Instructions for the task:
Begin with the line holding "this 320×427 image.", then print every line after it through the end of the data, exactly and with nothing added.
##### Supplied data #####
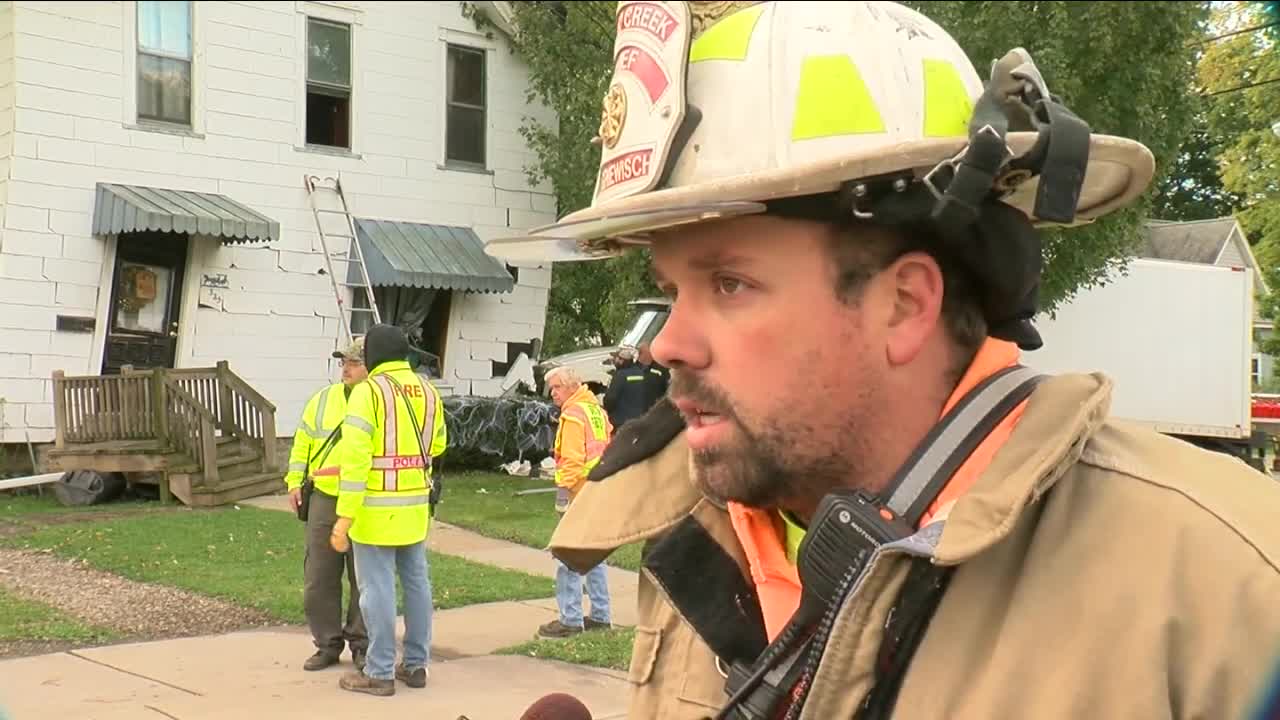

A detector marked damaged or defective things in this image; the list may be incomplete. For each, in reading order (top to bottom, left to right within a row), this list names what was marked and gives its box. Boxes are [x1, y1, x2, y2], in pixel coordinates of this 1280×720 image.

broken window [138, 0, 193, 125]
broken window [307, 17, 353, 148]
broken window [450, 44, 488, 166]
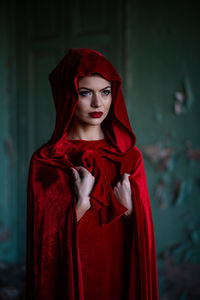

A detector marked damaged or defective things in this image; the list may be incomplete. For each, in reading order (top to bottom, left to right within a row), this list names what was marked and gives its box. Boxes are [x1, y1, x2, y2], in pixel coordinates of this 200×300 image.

peeling paint wall [128, 1, 200, 298]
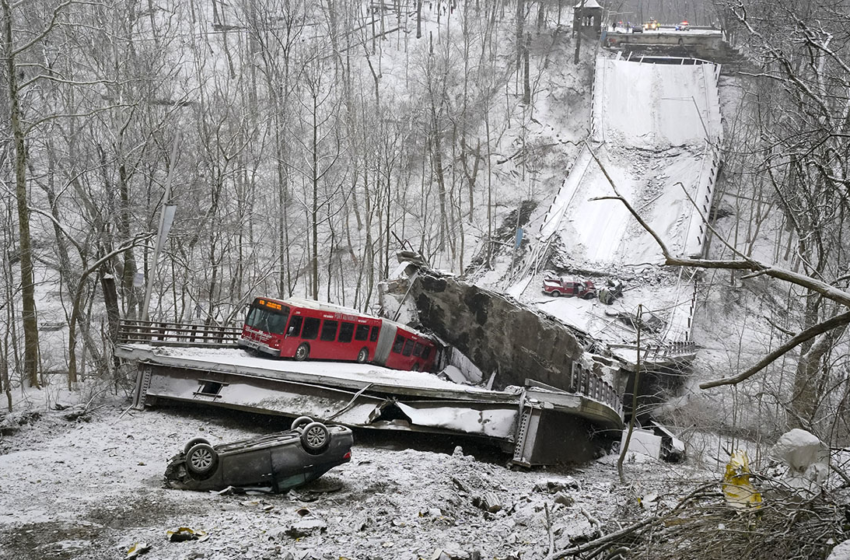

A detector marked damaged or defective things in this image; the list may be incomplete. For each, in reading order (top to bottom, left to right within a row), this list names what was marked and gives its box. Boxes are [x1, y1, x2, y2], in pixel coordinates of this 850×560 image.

overturned car [164, 418, 352, 492]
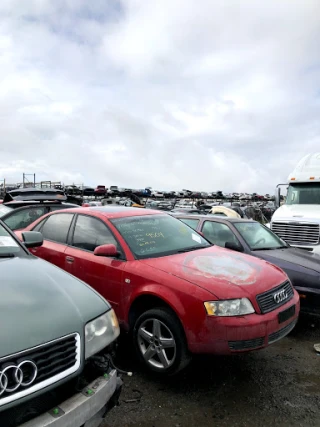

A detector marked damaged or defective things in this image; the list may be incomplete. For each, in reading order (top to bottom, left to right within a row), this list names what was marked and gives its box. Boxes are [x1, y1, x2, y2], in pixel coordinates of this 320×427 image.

damaged hood [0, 258, 109, 358]
crushed vehicle [0, 219, 122, 426]
crushed vehicle [19, 208, 300, 378]
damaged hood [141, 246, 288, 302]
crushed vehicle [174, 216, 318, 316]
#####
Answer to this problem:
A detector marked damaged or defective things in this image; the list may be incomplete. For each, in reading order (top to bottom, left to right within a row), this list names what was marked and gives its box. Boxes are [x1, y1, x2, y2], in pixel coordinates of this 320×427 image.

damaged hood [0, 258, 109, 358]
crushed vehicle [0, 219, 122, 426]
crushed vehicle [19, 208, 300, 378]
damaged hood [141, 246, 288, 302]
crushed vehicle [174, 216, 318, 316]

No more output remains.